→ **What the exercise asks**
If an entry holds a picture, leave that picture out; copy everything else exactly.

→ **Given information**
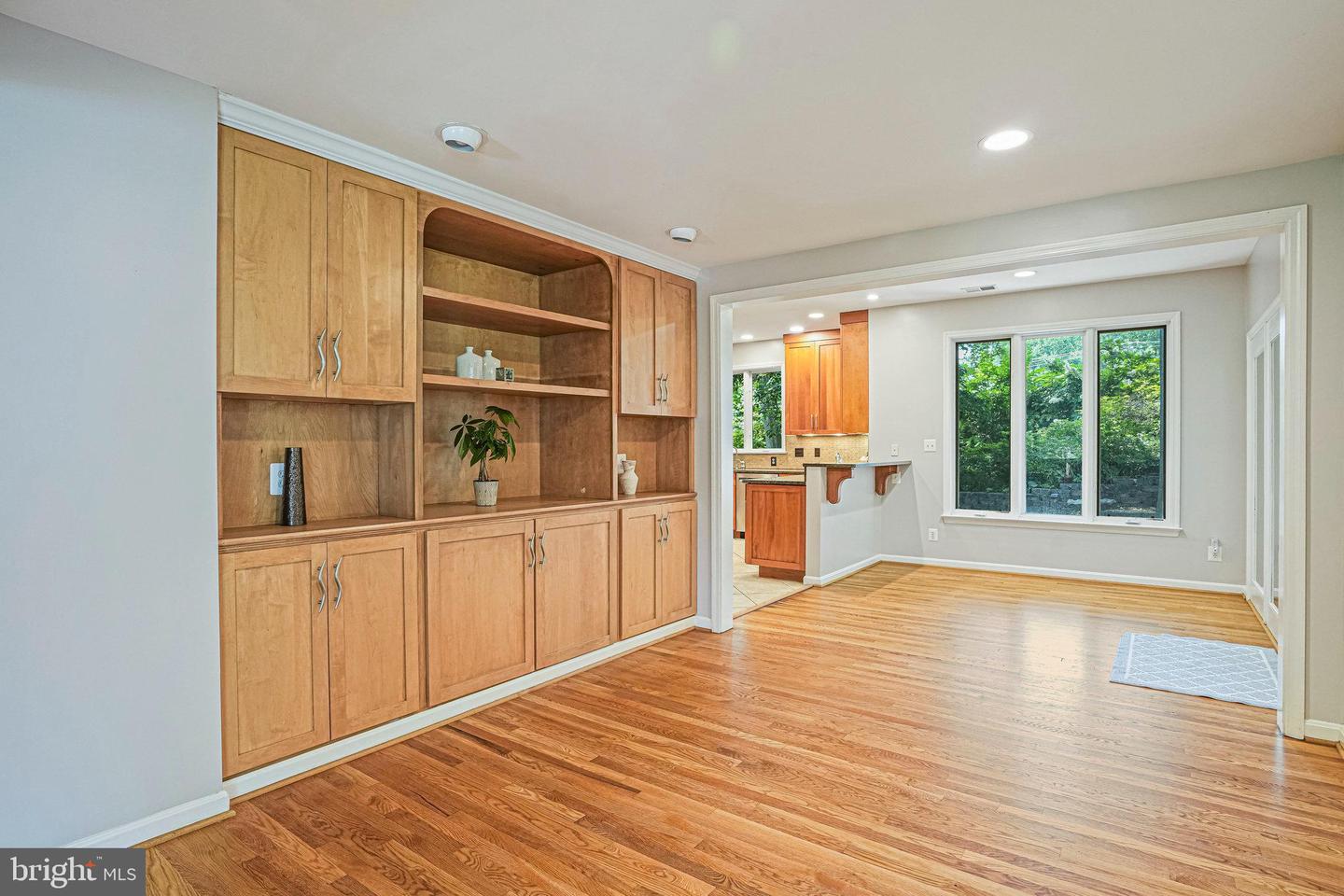6225 CHERYL DR, FALLS CHURCH, Virginia 22044, 4 Bedrooms Bedrooms, ,3 BathroomsBathrooms,Residential,For sale,6225 CHERYL DR,VAFX2238380 MLS # VAFX2238380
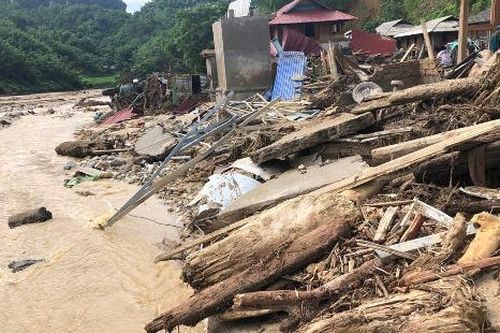 Trưởng Ban Tổ chức Trung ương Phạm Minh Chính thăm đồng bào vùng lũ Thanh Hóa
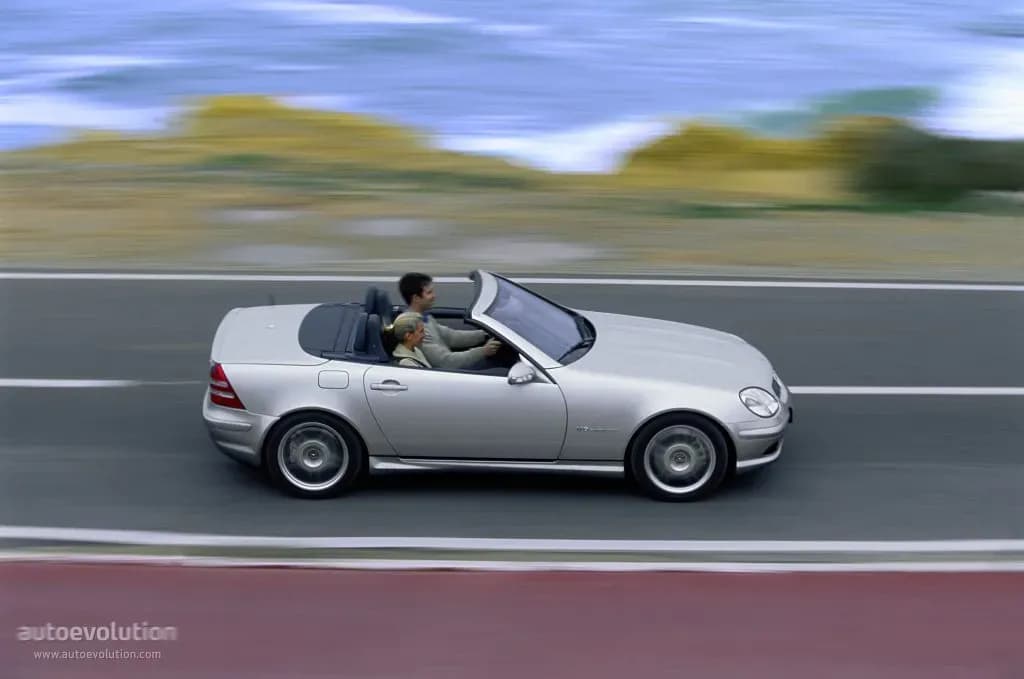 MERCEDES-BENZ-SLK-AMG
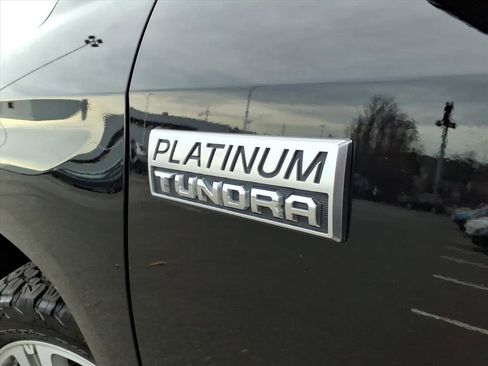 Certified 2017 Toyota Tundra Platinum image 28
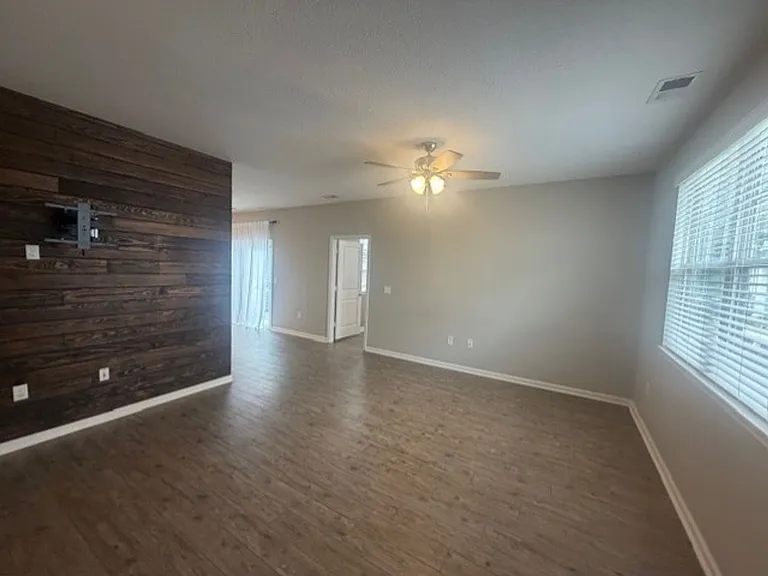 5043 Hawkins Mill Way — Photo 4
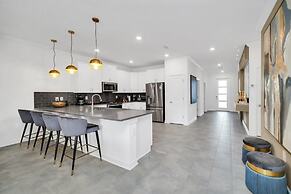 2900penolpe 9 Bedroom Home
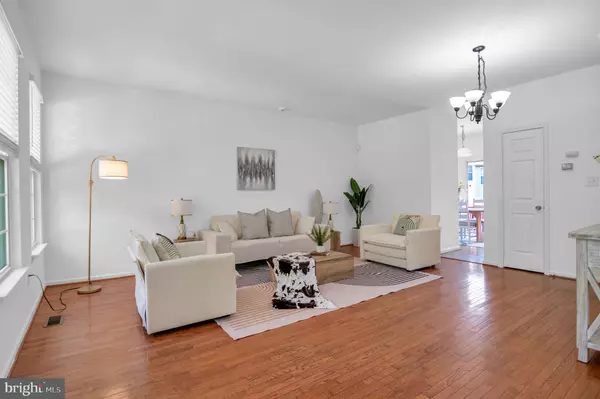 Centreville, VA 20121,6427 MCCOY RD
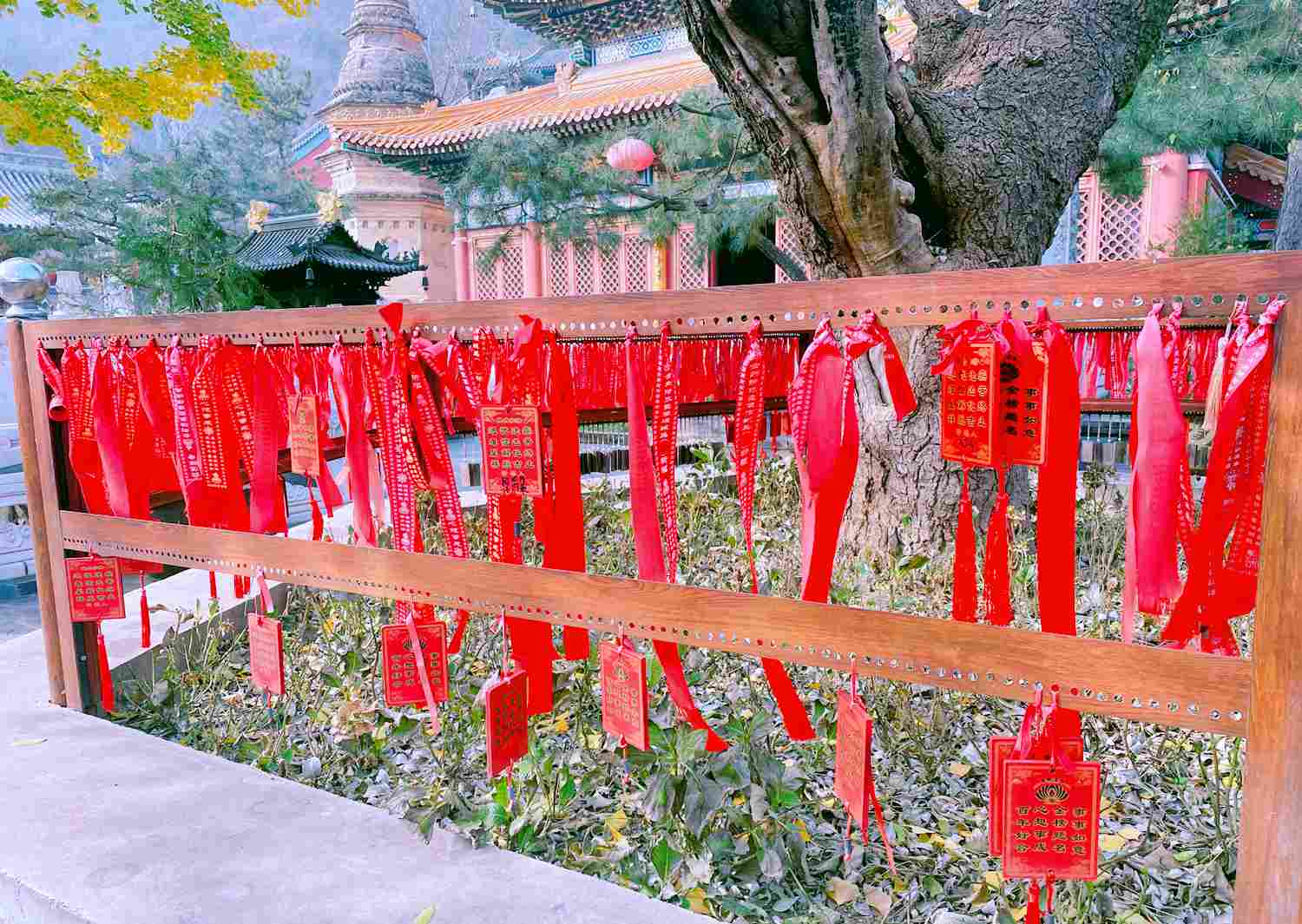 北京设计大胆的白瀑寺，佛像给人一种阴森感，却深受老司机的喜欢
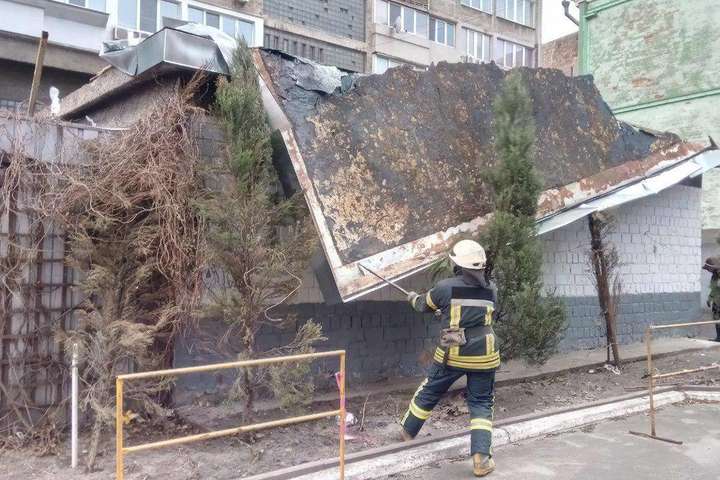 Наслідки урагану в Києві: четверо травмованих, десятки повалених дерев і зірваних дахів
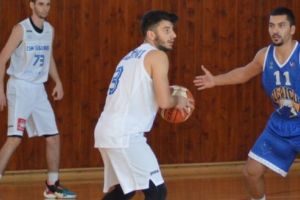 Start echilibrat, al patrulea eşec, din patru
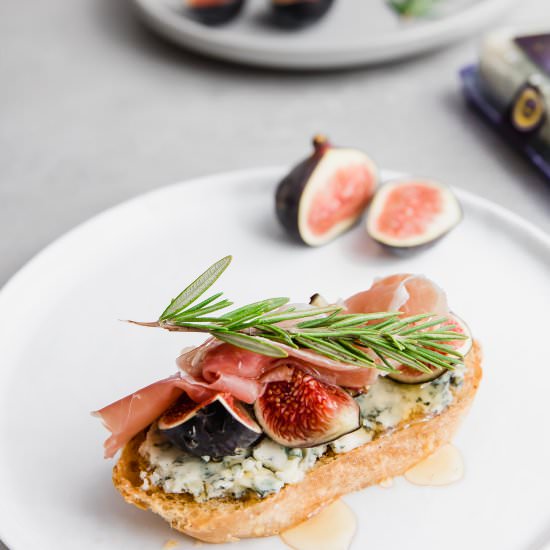 Fig & Blue Cheese Bruschetta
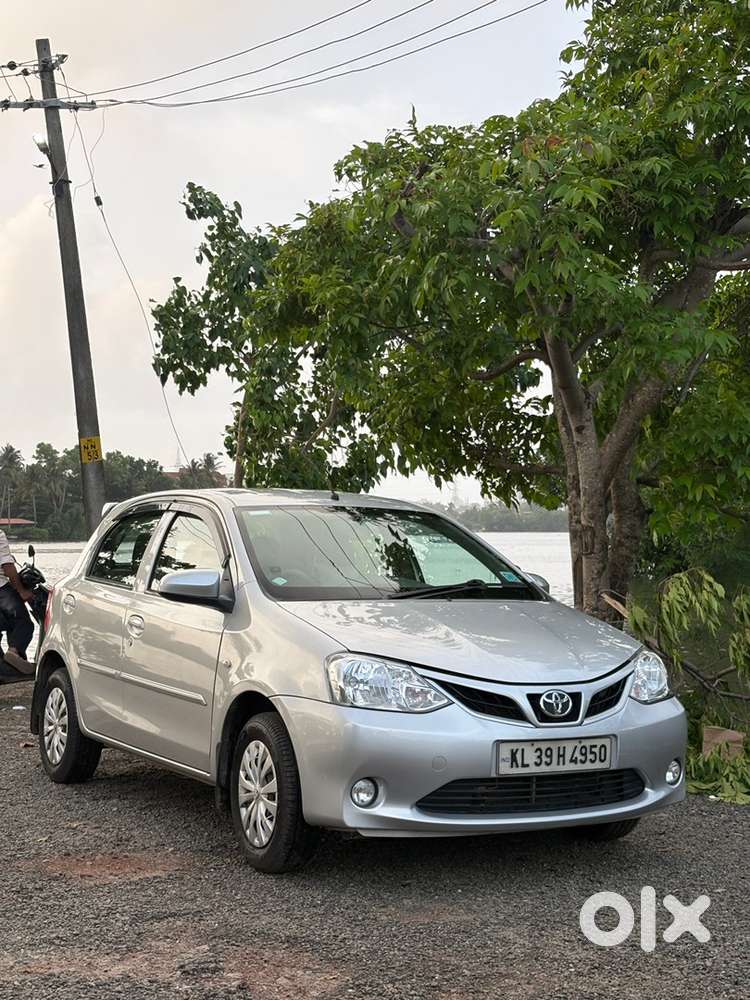 Toyota Etios Liva 2015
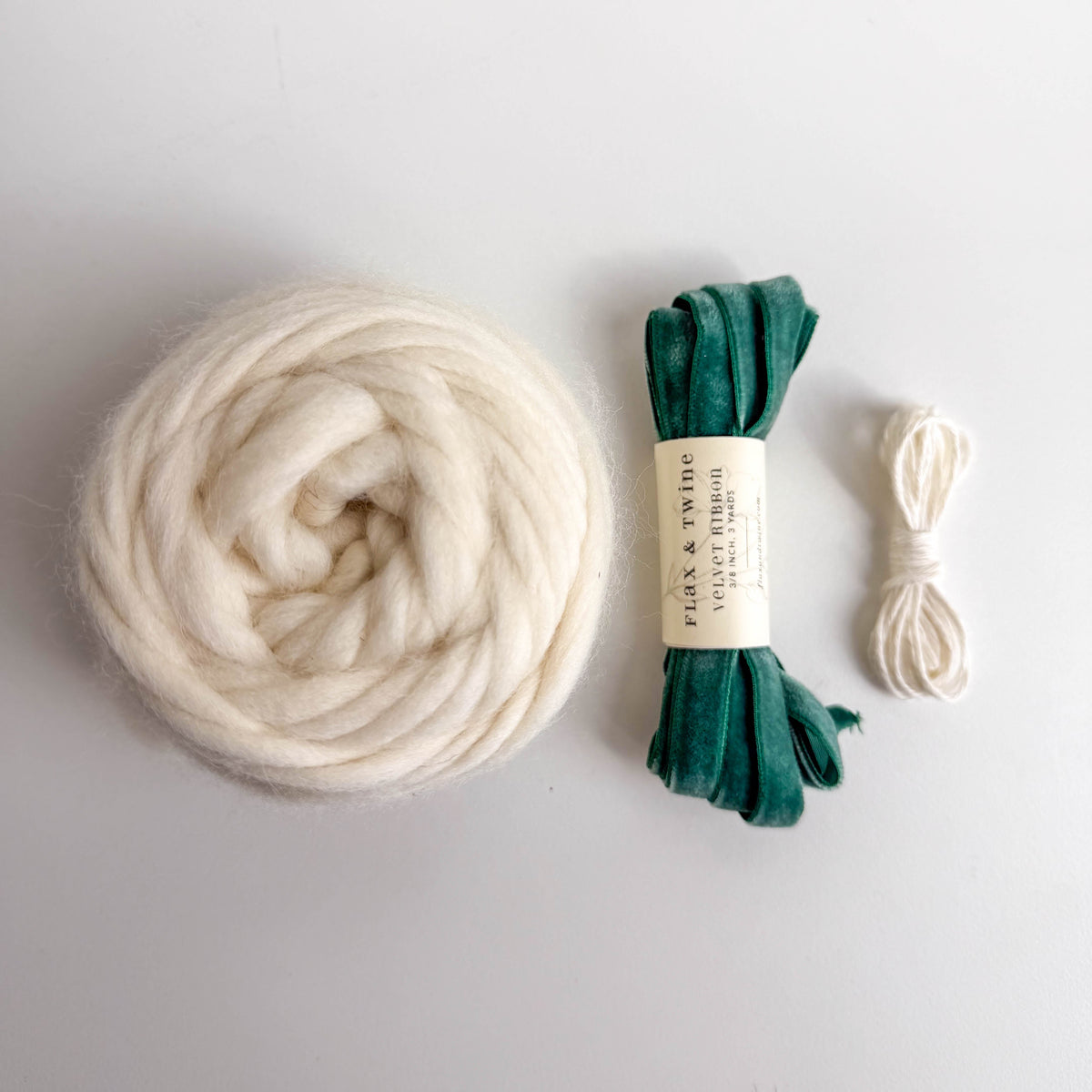 Holiday Wooly Wreath Ornament Kit (Makes 5)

→ **Output for this task**
6225 CHERYL DR, FALLS CHURCH, Virginia 22044, 4 Bedrooms Bedrooms, ,3 BathroomsBathrooms,Residential,For sale,6225 CHERYL DR,VAFX2238380 MLS # VAFX2238380
 Trưởng Ban Tổ chức Trung ương Phạm Minh Chính thăm đồng bào vùng lũ Thanh Hóa
 MERCEDES-BENZ-SLK-AMG
 Certified 2017 Toyota Tundra Platinum image 28
 5043 Hawkins Mill Way — Photo 4
 2900penolpe 9 Bedroom Home
 Centreville, VA 20121,6427 MCCOY RD
 北京设计大胆的白瀑寺，佛像给人一种阴森感，却深受老司机的喜欢
 Наслідки урагану в Києві: четверо травмованих, десятки повалених дерев і зірваних дахів
 Start echilibrat, al patrulea eşec, din patru
 Fig & Blue Cheese Bruschetta
 Toyota Etios Liva 2015
 Holiday Wooly Wreath Ornament Kit (Makes 5)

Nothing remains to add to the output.